A proxy can be specified by setting the Java properties: <scheme>.proxyHost and <scheme>.proxyPort where <scheme> is the client scheme used (normally 'http' or 'https'). Additionally, per-request proxies can be specified with the proxy-host and proxy-port options:

(client/get "http://foo.com" {:proxy-host "127.0.0.1" :proxy-port 8118})

Keystores and Trust-stores

When sending a request, you can specify your own keystore/trust-store to be used:

(client/get "https://example.com" {:keystore "/path/to/keystore.ks"
                                   :keystore-type "jks" ; default: jks
                                   :keystore-pass "secretpass"
                                   :trust-store "/path/to/trust-store.ks"
                                   :trust-store-type "jks" ; default jks
                                   :trust-store-pass "trustpass"})

Cookie stores

clj-http can simplify the maintenance of cookies across requests if it is provided with a cookie store.

(binding [clj-http.core/*cookie-store* (clj-http.cookies/cookie-store)]
  (client/post "http://site.com/login" {:form-params {:username "..."
                                                      :password "..."}})
  (client/get "http://site.com/secured-page")
  ...)

(The clj-http.cookies/cookie-store function returns a new empty instance of a default implementation of org.apache.http.client.CookieStore.)

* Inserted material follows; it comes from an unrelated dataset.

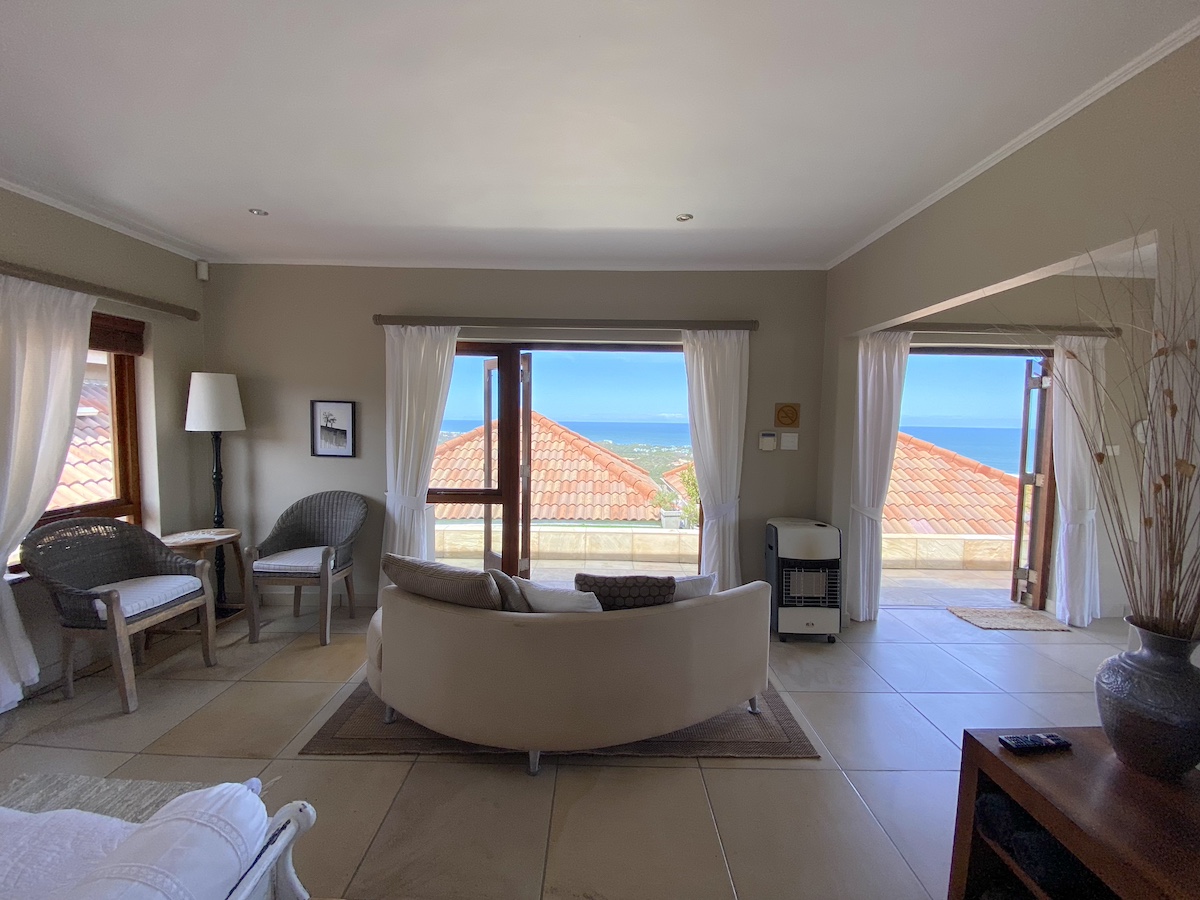 Lounge chairs and sofa at the windows, the sea beyond the roofs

Alternatively, you can provide a cookie store on a per-request basis that will supercede any cookie store that has been dynamically bound to clj-http.core/*cookie-store*:

(binding [clj-http.core/*cookie-store* (clj-http.cookies/cookie-store)]
  (client/post "http://site.com/login" {:form-params {:username "..."
                                                      :password "..."}})
  (let [data (:body (client/get "http://site.com/secured-page" {:as :json}))]
    (client/post "http://othersite.com/update" {:form-params data
                                                :cookie-store othersite-cookie-store})
  ...))

You can also us the get-cookies function to retrieve the cookies from a cookie store:

(def cs (clj-http.cookies/cookie-store))

(client/get "http://google.com" {:cookie-store cs})

(clojure.pprint/pprint (clj-http.cookies/get-cookies cs))
{"NID"
 {:domain ".google.com",
  :expires #<Date Tue Oct 02 10:12:06 MDT 2012>,
  :path "/",
  :value
  "58=c387....",
  :version 0},
 "PREF"
 {:domain ".google.com",
  :expires #<Date Wed Apr 02 10:12:06 MDT 2014>,
  :path "/",
  :value
  "ID=3ba...:FF=0:TM=133...:LM=133...:S=_iRM...",
  :version 0}}

Link headers

clj-http parses any link headers returned in the response, and adds them to the :links key on the response map. This is particularly useful for paging RESTful APIs:

(:links (client/get "https://api.github.com/gists"))
=> {:next {:href "https://api.github.com/gists?page=2"}
    :last {:href "https://api.github.com/gists?page=22884"}}

Using persistent connections

clj-http can use persistent connections to speed up connections if multiple connections are being used:

(with-connection-pool {:timeout 5 :threads 4 :insecure? false}
  (get "http://aoeu.com/1")
  (post "http://aoeu.com/2")
  (get "http://aoeu.com/3")
  ...
  (get "http://aoeu.com/999"))

This is MUCH faster than sequentially performing all requests, because a persistent connection can be used instead creating a new connection for each request.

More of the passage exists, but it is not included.